Friday, 18 November 2016

Introduction

When looking through the history of Doctor Who, the overriding sense I get is one of unlikeliness. While most popular television shows have a single person standing as their chief creator, by contrast Doctor Who seems somehow congealed, arising from a series of fortunate decisions from a string of separate people. The Daleks, the ethereal theme music, the idea of a time machine hidden inside a police box— all of these were probably essential to the show’s success, but all arose independently, through exactly the right people having exactly the right ideas.

Even so, Aidan Turner’s three-season run on the show strikes me as particularly improbable. The story is well-known, but bears repeating: late in December 2010, Doctor Who’s then producer Steven Moffat disappeared. While it’s not the place of this blog to speculate on what happened to him – there are many other places on the Internet which will do just that – it’s worth highlighting that even six years on, no evidence around where he might have gone has ever been found. There’s no obvious reason why a man who, by all accounts, had recently achieved his childhood dream would choose to disappear, and while he certainly had his enemies  – like anyone attached to Who in a major capacity does – none seem the type to have consciously engineered his disappearance.

Regardless, disappear he did, and Moffat’s absence was to plunge Doctor Who into chaos.

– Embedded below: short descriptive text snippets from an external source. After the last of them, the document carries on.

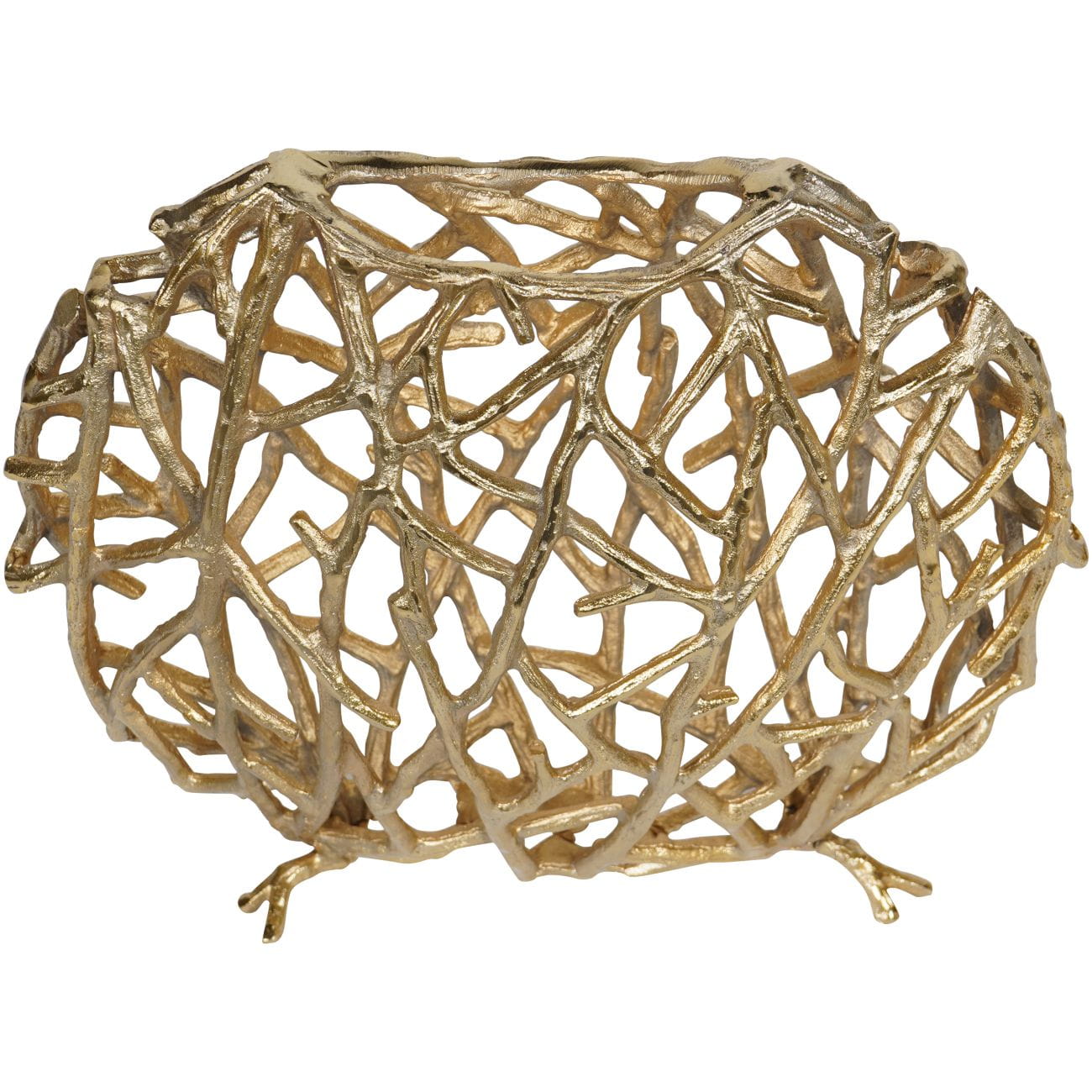 Golden Nest Sculpture — Openwork Decorative Form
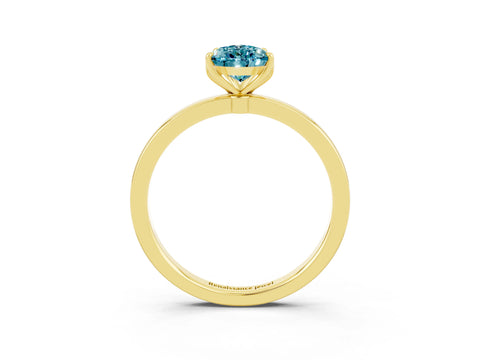Yellow gold Pear Cut Solitaire Diamond Ring with Thin Band and Four-Prong Setting_3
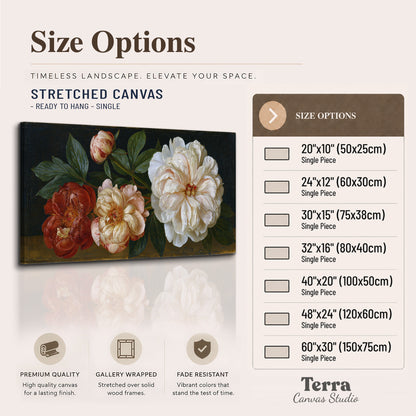 A large pale peony beside small ruby-red and peach flowers on a deep green ground single canvas wall art available dimensions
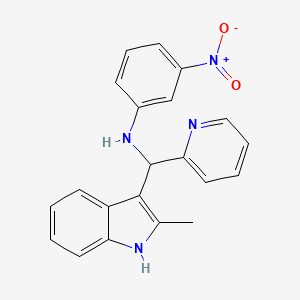 molecular formula C21H18N4O2 B2414554 N-((2-methyl-1H-indol-3-yl)(pyridin-2-yl)methyl)-3-nitroaniline CAS No. 457650-96-3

While production on the show’s sixth series was well on the way, the absent producer had left little information on where the show might be going next. While some of Moffat's unused ideas have since come to light – his notes have hinted at concepts such as a spaceship stuffed with dinosaurs, and a planet full of Daleks gone insane – his disappearance meant that none of them would ultimately come to fruition. Indeed, the plotline raised in series 6 about a question that should never be answered went unresolved throughout Matt Smith’s tenure, only being alluded to again in his very last episode.
The second half of Smith’s tenure remains something of a sore spot with fans. Following Moffat's last episode, The Wedding of River Song, Doctor Who went through a phase of having no real executive producer, which lead to a succession of disjointed episodes that had very little to do with each other. Particularly painful was the damp squib of Who’s 50th Anniversary in 2013, where a special episode where Smith’s Doctor met his childhood self was watched by fewer than 6 million viewers.

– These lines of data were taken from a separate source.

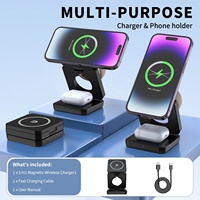 Station de charge sans fil magnétique portable 3 en 1, support de charge pliable pour iPhone, iWatch, AirPods, chargeur multifonctionnel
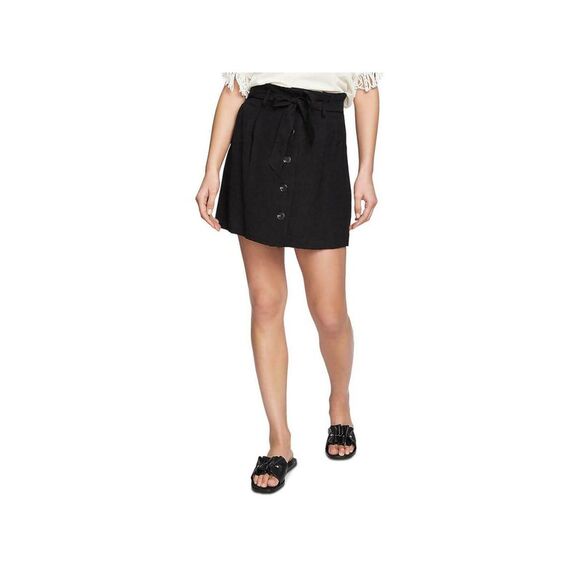 1. STATE Dresses & Skirts - 1. STATE Womens Black Button-up Tie-front Belt Mini A-Line Skirt Size: 0
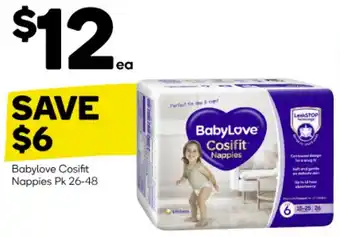 Woolworths Babylove Cosifit Nappies Pk 26-48 offer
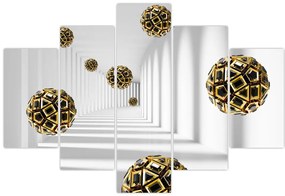 Tablou abstract cu mingi de fotbal (150x105 cm)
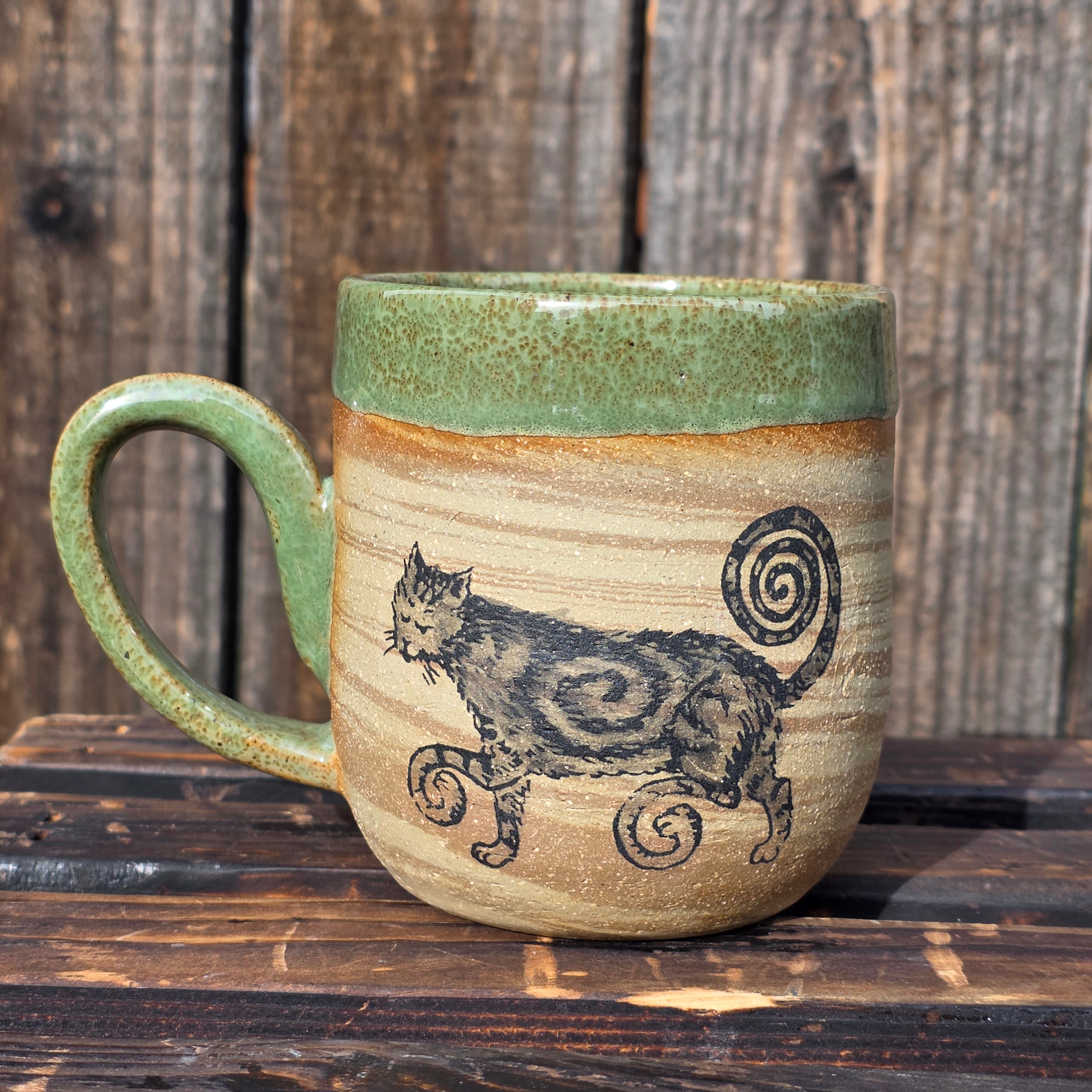 Medieval spiral cat mug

By that point, of course, the controversial appointment of Moffat’s successor had already been announced to the public. While the previous producers of post-2005 Who had been veterans with decades of experience working in television, the BBC appointed the unknown Ben Issacs to oversee 2014’s season. Issacs’  notoriety is now such that it’s easy to forget how few people had heard of him in 2013, and the extent to which his appointment was treated with dismay. His only real TV experience was as the writer-producer of Worlds Apart, a niche BBC Three drama about a man who traveled through several parallel universes. Most industry observers concluded – correctly, as we now know – that Issacs’ appointment was a desperate last throw of the dice on the part of the BBC, as a means of avoiding having to cancel the show in the year of its 50th Anniversary. As had happened so often in the history of Doctor Who, a radical solution to a problem turned out to have extremely far-reaching consequences.

What's still an open question, though, is whether appointing Ben Issacs was actually a good idea. It's certainly true that under his management the Doctor would travel to far darker places than would previously have been allowed, and that parental outrage at some of its most controversial moments might have done the BBC no favours in terms of its popularity. Yet it's notable that Issacs’ vision energised younger viewers in a way that previous producers couldn't match. The younger generations, Issacs argued, know that the world is a dark place. What would the point of fantasy be if it couldn't even acknowledge that? For my part, I mostly agree with him. While Issacs has his quirks – not least his insistent focus on the dangers of fascism in an age where it barely even exists upon the fringes – his willingness to put difficult and disturbing messages at the heart of a family show is something I have much respect for. GK Chesterton said that children enjoy fairytales not because they say dragons are real, but because they say the dragons can be beaten. Issacs, whatever else he is, is a firm believer in our age’s dragons— and for that reason, if nothing else, I'm glad he had ownership of Britain’s most persistent of fairytales.